Write out the records in full, exactly as given, but without the images.

[Saved entries]:
----
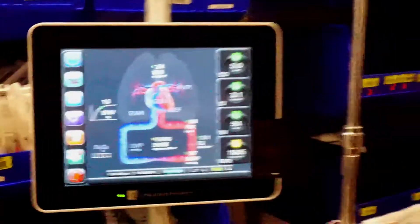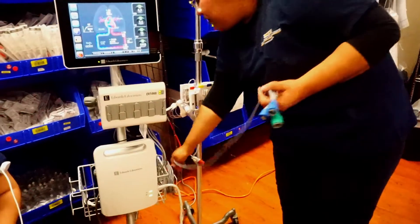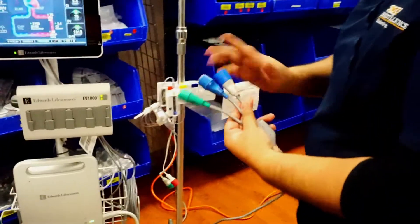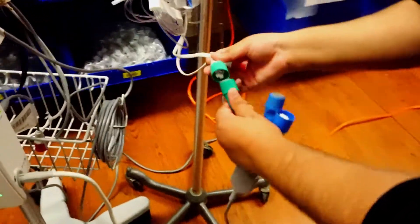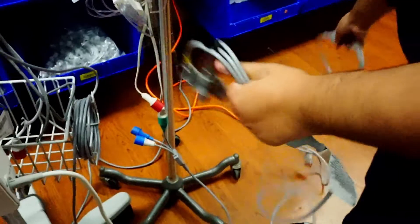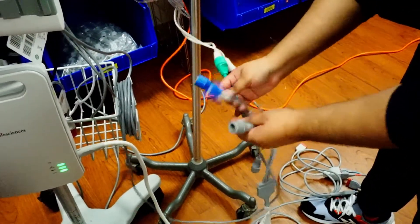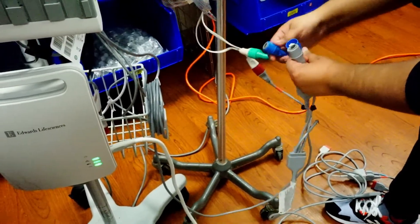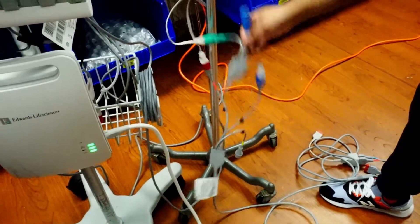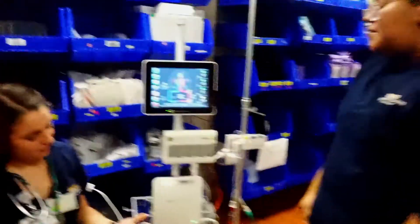If setting up invasively, grab the gray cord, go to your A-line setup, and plug green to green. The red plugs into the monitor cord. If you have CVP set up, connect that end as well. Your main monitor will still receive your A-line and CVP, but this machine is also connected and will be able to sense those numbers too. That is how you set up your EV1000 invasively.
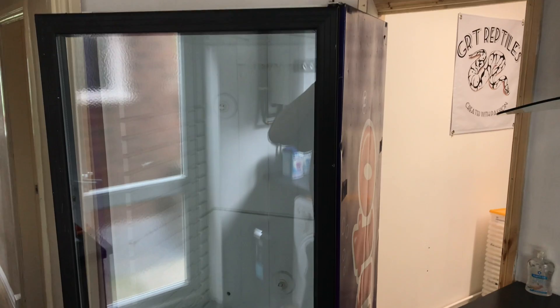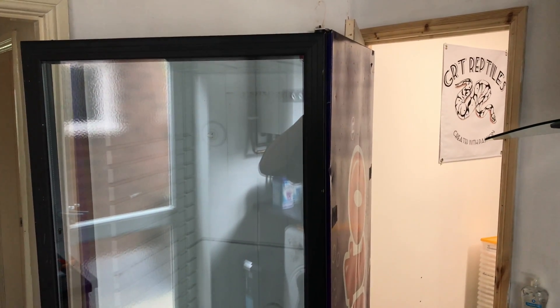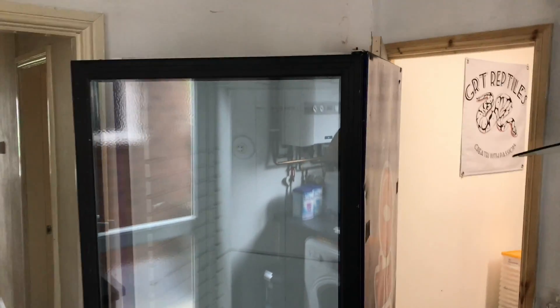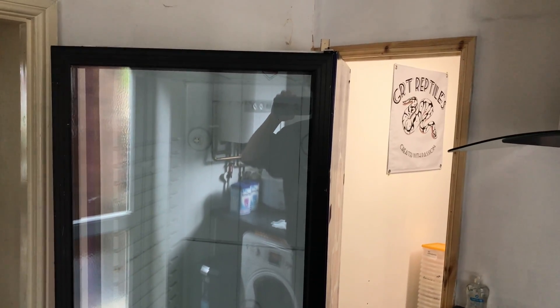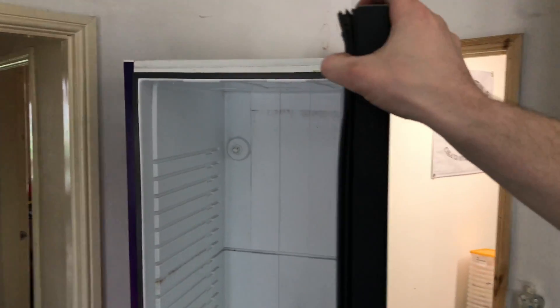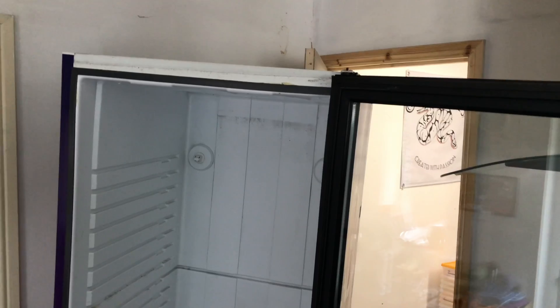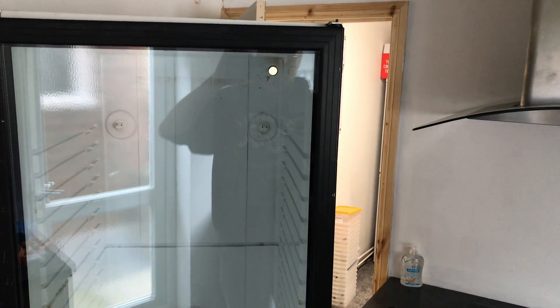Hey guys, welcome back to part two. In this video we're going to fix the fans and look at threading the incubator heat cable. One thing I do need to do is secure this incubator in place, because once you've removed all the gas components these doors are really heavy and they will want to topple over, even more so when you turn it to the side. First things first, I've just got to get this strap down while I'm working on it because I don't want it falling on my head.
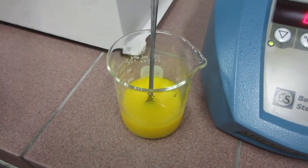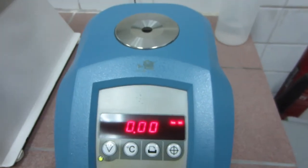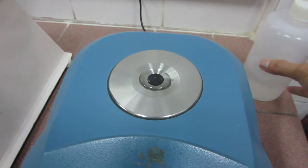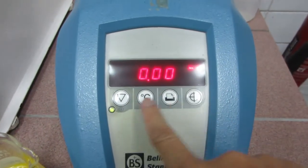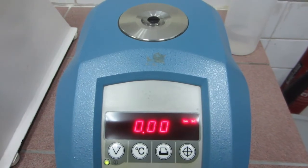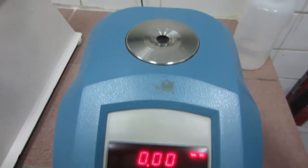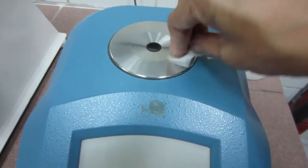So this is the refractometer. I have my liquid solution — it is a sample of a liquid beverage — and let's see what is the sweetness of this liquid. First, this is distilled water, and water always reads zero. So it is zero; it has no taste.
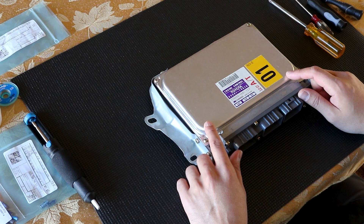This ECU has a couple of leaking capacitors, which caused some intermittent issues and a lot of gremlins.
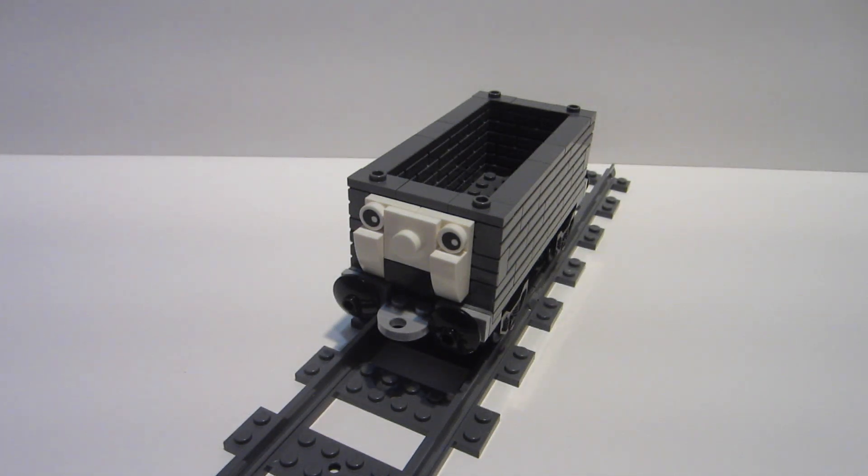Hello everyone and welcome back to another video. Today, as you can see, it's not a Star Wars build — it's another Thomas the Tank Engine, or Thomas and Friends, build. It is a troublesome truck.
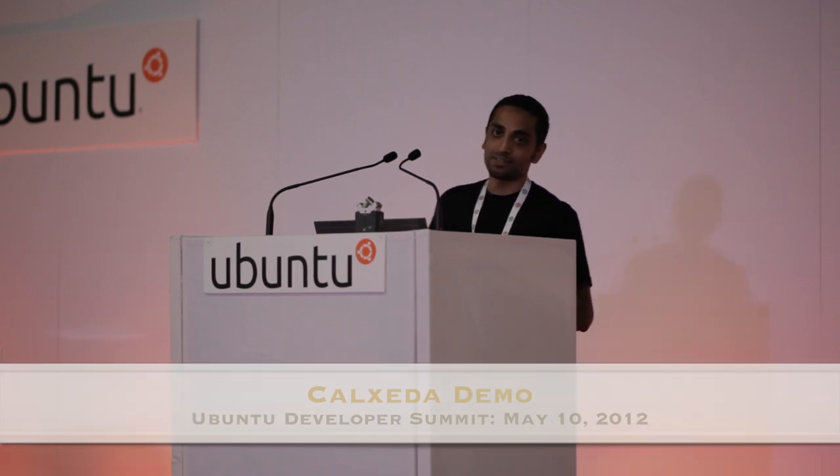Hi everybody. My name is Vapana Thuji. I'm an engineer at Calzada, and I'm happy to demonstrate some of our hardware here at UDS-Q. At Calzada, we're building ARM-based system-on-chips targeting servers and scale-out applications.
----
[ANSWER SPACE]:
If setting up invasively, grab the gray cord, go to your A-line setup, and plug green to green. The red plugs into the monitor cord. If you have CVP set up, connect that end as well. Your main monitor will still receive your A-line and CVP, but this machine is also connected and will be able to sense those numbers too. That is how you set up your EV1000 invasively.
Hey guys, welcome back to part two. In this video we're going to fix the fans and look at threading the incubator heat cable. One thing I do need to do is secure this incubator in place, because once you've removed all the gas components these doors are really heavy and they will want to topple over, even more so when you turn it to the side. First things first, I've just got to get this strap down while I'm working on it because I don't want it falling on my head.
So this is the refractometer. I have my liquid solution — it is a sample of a liquid beverage — and let's see what is the sweetness of this liquid. First, this is distilled water, and water always reads zero. So it is zero; it has no taste.
This ECU has a couple of leaking capacitors, which caused some intermittent issues and a lot of gremlins.
Hello everyone and welcome back to another video. Today, as you can see, it's not a Star Wars build — it's another Thomas the Tank Engine, or Thomas and Friends, build. It is a troublesome truck.
Hi everybody. My name is Vapana Thuji. I'm an engineer at Calzada, and I'm happy to demonstrate some of our hardware here at UDS-Q. At Calzada, we're building ARM-based system-on-chips targeting servers and scale-out applications.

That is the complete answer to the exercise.